Add to "unspecified disciplinary action", "male friend" and a suicide threat on temple grounds...

I may be seeing a pattern where there is none but it sounds way too familiar.

Regardless of why, though, there is a tragedy there. There is also a great blessing in that the man had a friend to talk him down. I know my experience with a suicidal friend tells me there's a lesson to learn in the humanity behind this short news item, even if this has nothing to do with gay issues.

I know it can seem so bad that death looks to be the solution; I dare say most all gay men of my generation in Utah know there are times during the coming out process when it can seem that bad. I just wish anyone entertaining such thoughts, gay or not, could feel what it feels like to have them decades behind you. Thank goodness some measure of hope, or even fear, or stubbornness, or whatever does the trick, and pulls most all people through those times and onto many happy lives. Friends though seem to be the main means by which those without hope or fear can make it through.

For that reason, that "male friend" pleading up at the Provo temple two nights ago deserves to be honored. Whoever he is, he is a hero of mine.

Wednesday, August 20, 2008

Irreversible

After we got home I caught up on recent events. One editorial of note from Sunday's paper was an editorial about gay suicide by Carol Lynn Pearson, a vocal and prolific LDS and gay LDS advocate. You can read the editorial here.

I'll not go into the details of it all. Others have and many (ironically most of them on the anti-gay relationships side) are doing enough online to prove her tragic point. Heck, as if to highlight the willful blindness to the harm, in the same paper that day this editorial, "Don't Bother Us," appeared asking gay groups to "just leave us [the LDS church] alone."

I wish they could ethically do so,
Douglas. I really and deeply wish you would adopt a live and let live approach and that we then could in turn. But you show no signs of slowing down, right? If anything, with the Proposition 8 fight, you and the LDS church leaders are stepping further into the most intimate and important relationship in my life and my children's lives. I can't just stop bothering you.
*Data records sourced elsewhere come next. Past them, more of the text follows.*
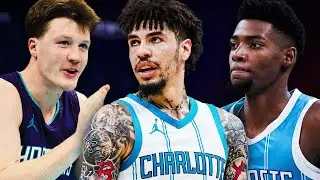 The Charlotte Hornets Are Actually Good?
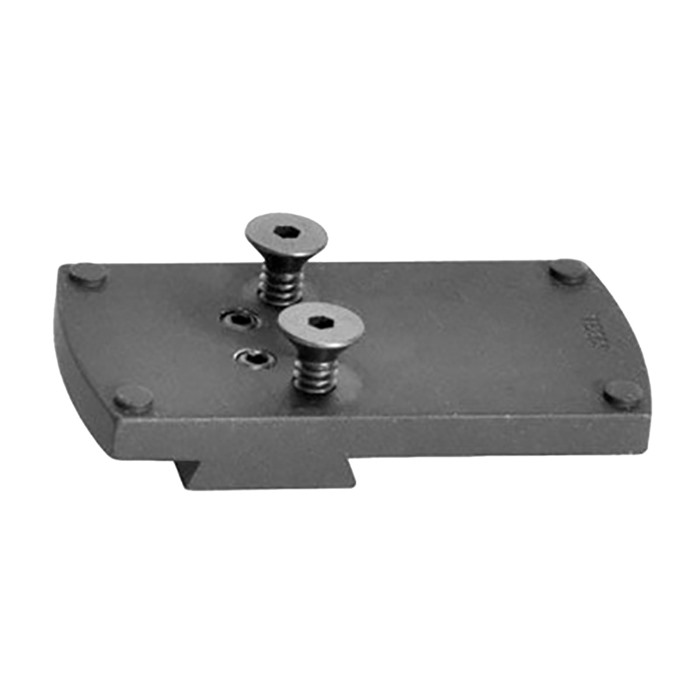 EGW Scope Mount Doctor Mount Aluminum Matte Picatinny Ruger Mk Compatible Optics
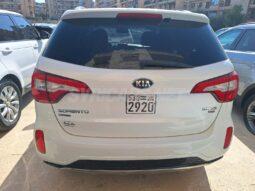 
										 كيا – Kia سورينتو – Sorento ممتلئ									
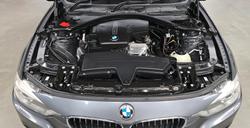 2014 BMW 3 Series 328i M Sport F30 MY14 Mineral Grey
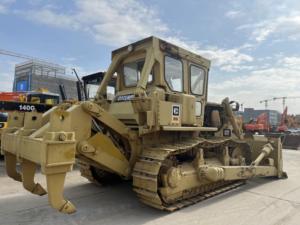 รถดันดินมือสอง Cat D7G สำหรับขาย - Product Image 2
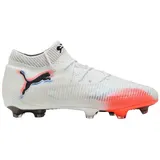 Puma FUTURE 8 Ultimate FG Fußballschuhe Erwachsene PUMA schwarz|weiß|rot 48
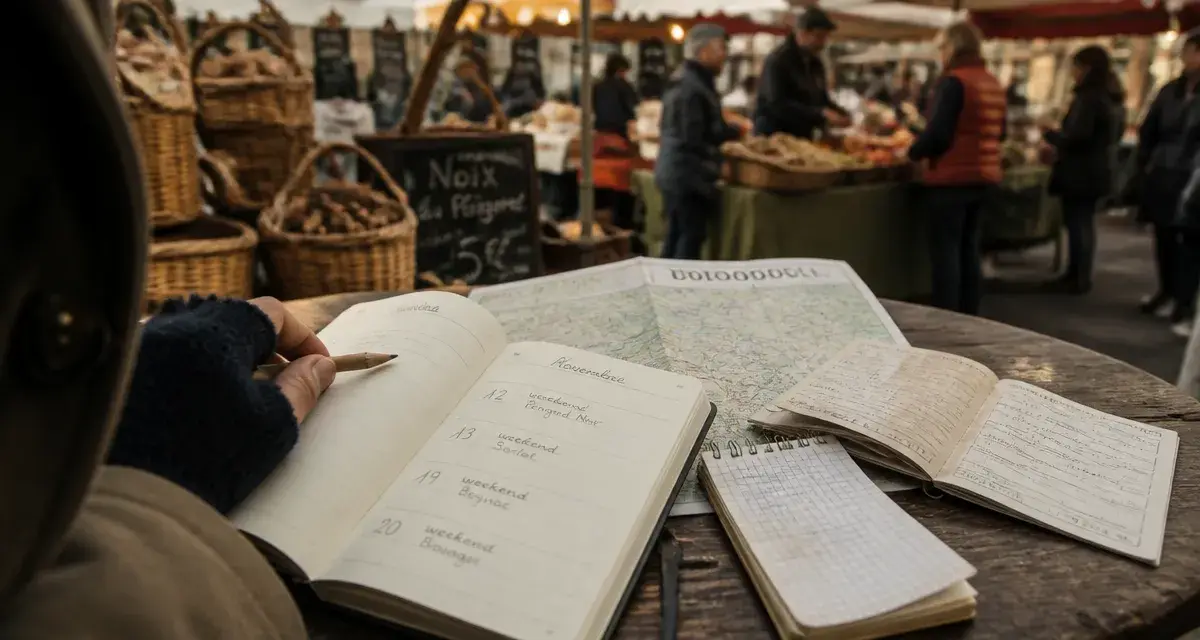 Dordogne tourisme agenda : planifier ses sorties en Dordogne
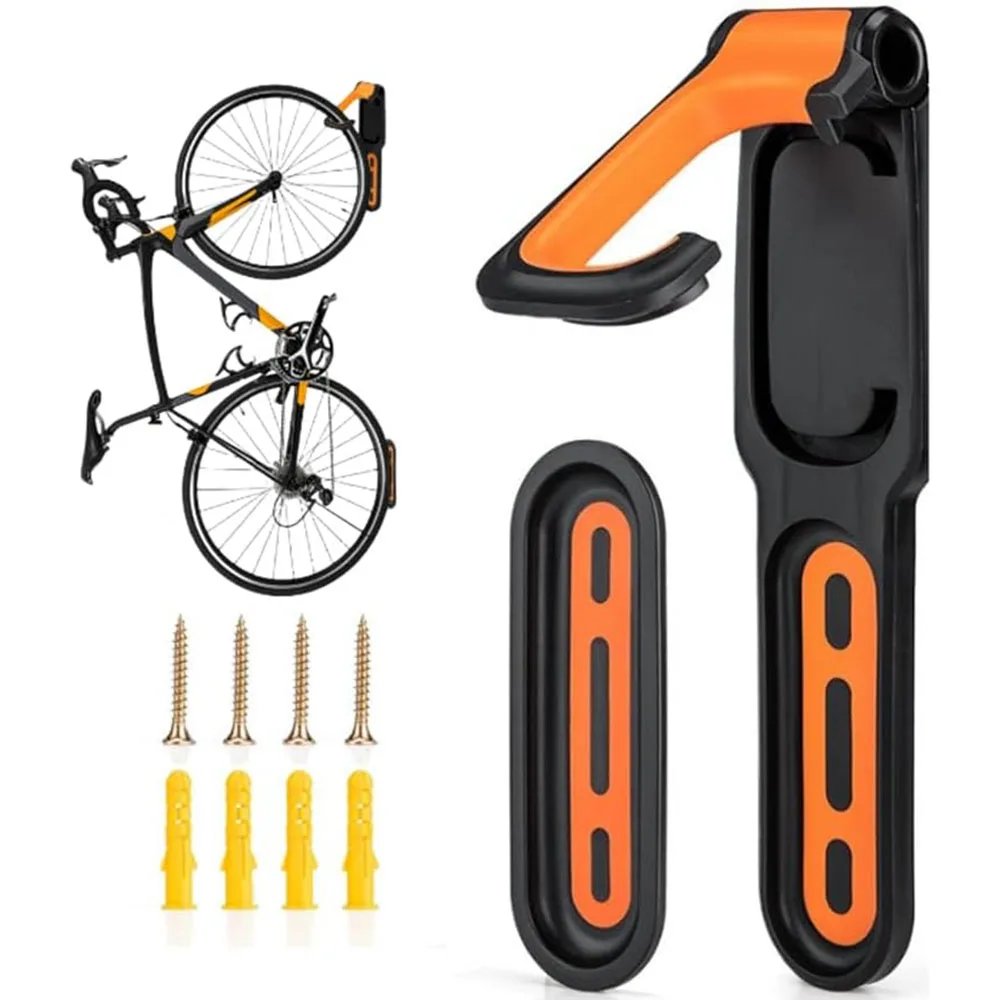 자전거 벽걸이 랙, MTB 로드 바이크 보관, 고정 행 - Cycling Gear Wall Hanger 리뷰 및 가격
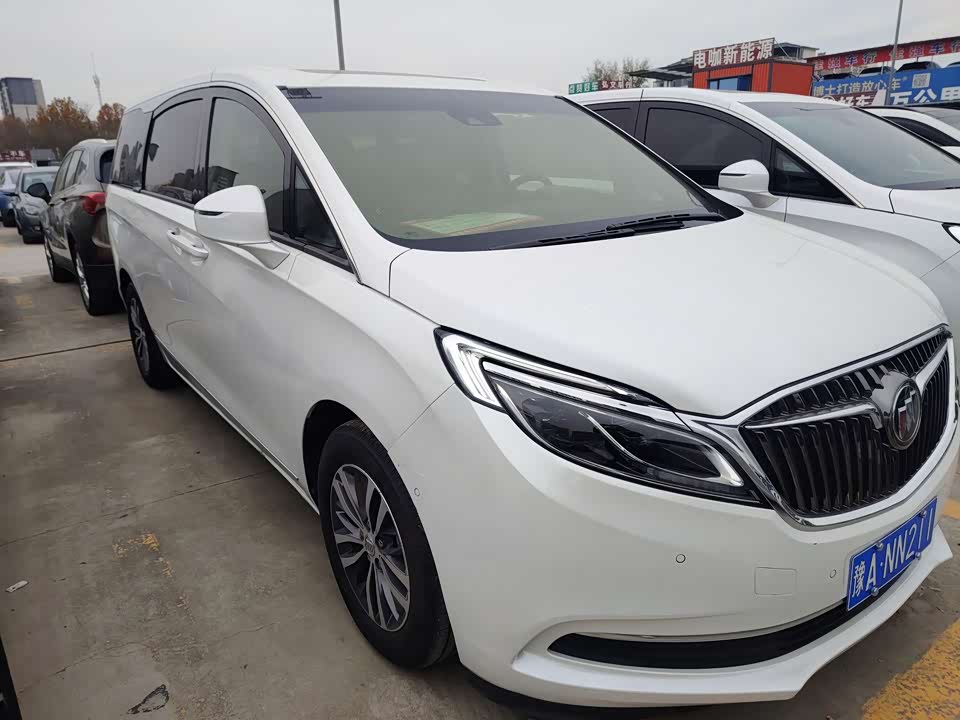 Buick GL8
In fact, considering what most gay men and women around here go through, I'm not even slightly sorry you feel put out.

Anyway, I got distracted. What's newly eating at me with this editorial, is the fact that
Carol refers to a gay suicide in my sphere of influence, a gay man who killed himself while working where I was working.
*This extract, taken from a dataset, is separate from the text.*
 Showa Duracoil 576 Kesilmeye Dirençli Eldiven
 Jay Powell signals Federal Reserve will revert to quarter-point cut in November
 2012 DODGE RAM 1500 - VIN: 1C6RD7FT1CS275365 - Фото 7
I haven't hid my orientation at work for over a decade. If a person's orientation would come up in a conversation with a heterosexual, it will come up with me. Everyone close enough to me in my work environment to see my desk would see pictures of my family. But that's it. I didn't wear a rainbow rhinestone lab coat, or anything. I can count a substantial conversation about being gay at my work maybe once per year, when someone felt comfortable enough with me to ask me.

The thing is, the thing that I've been trying to put out of mind for the past couple days is that I probably knew this young man, not well enough to know his name, but certainly his face as we'd pass in the halls or occasionally sat in on the same seminars. But work was work, no place for being vocally out. I wasn't about to create a gay support group for my traditionally conservative area of the campus, put up fliers, or make a point of coming out to strangers in a strained, unnatural way. Maybe I should have, though.

It's just such a train wreak for some gay men. This article took me back to the first gay suicide I personally encountered, and, while I consciously know I don't hold even a fraction of the same blame in this case, I still feel that guilt through the associations and reflex of memory.
I know it would be some sort of sad savior complex to feel I could have saved this young man too, if only I'd been more out, if only I asked more about the lives of those around me... But I keep going back to the fact that, from outward appearances, I could have seemed to young gay men working around me like yet another damning, anti-gay bigot (and there were those in our area). I could have appeared like yet another person in their world who'd look down on their "vile afflictions," when I am really one of their brothers. That tiny sliver of a possibility is far too much of a possibility.

Anyway, if anyone wants to know why gay issues become a life's work for some people, such irreversible events and what if's are reason enough. Thank you
Carol Lynn Pearson, for trying to get in the way, for being a bother.